08 January 2008

Running Away - Wanna Join Me?

I want to pack my car and just drive away.
I don't want to figure things out. I don't want to make phone calls. I don't want to try and figure out the unemployment system. I don't want to assist my husband in finding a job. I don't want to talk to the water, electric, phone companies and work out arrangements again. I don't want to be the only one it seems that cares if we eat next week.
I really don't want to be a wife or mother right now either - and that is rare for me since it is all I really ever wanted out of life.
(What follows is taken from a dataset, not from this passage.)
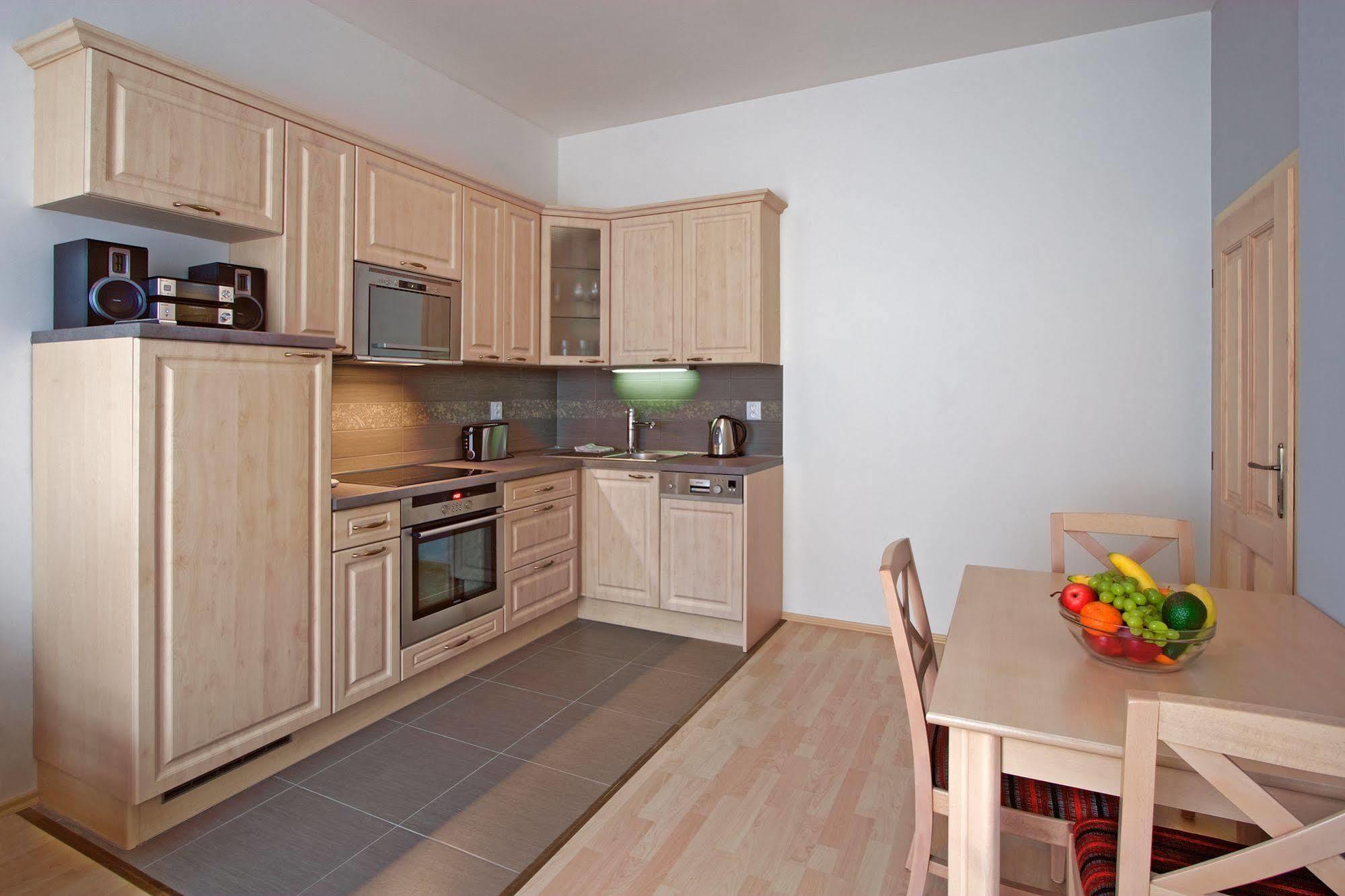 Andel Apartments Praha Экстерьер фото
I just don't want to take care of one other living thing and be responsible to solve everybody's problems.
I don't want to juggle a budget, plan a menu, clean a toilet, wash laundry, remind people do to their chores or make phone calls, take down a Christmas tree, or sweep a room. I just want to quit everything.
In 20 minutes this feeling will probably go away. In fact just writing it out makes me feel a little wee bit better.
This is real people. Blogs don't get any more raw than this.

Update: Shortly after writing this, I directed all my frustration into completely cleaning out my kitchen. Therapeutic housekeeping! Thanks for all the love.

7 comments:

  1. Yep, I know the feeling, we are in a lot of the same situations financially. Jason has a good job now but it's still going to take a long time to get out of the hole. Now they went and switched his paychecks to every 2 weeks and he was sick and missed work and, and, and, I don't feel like calling the water and sewer people either...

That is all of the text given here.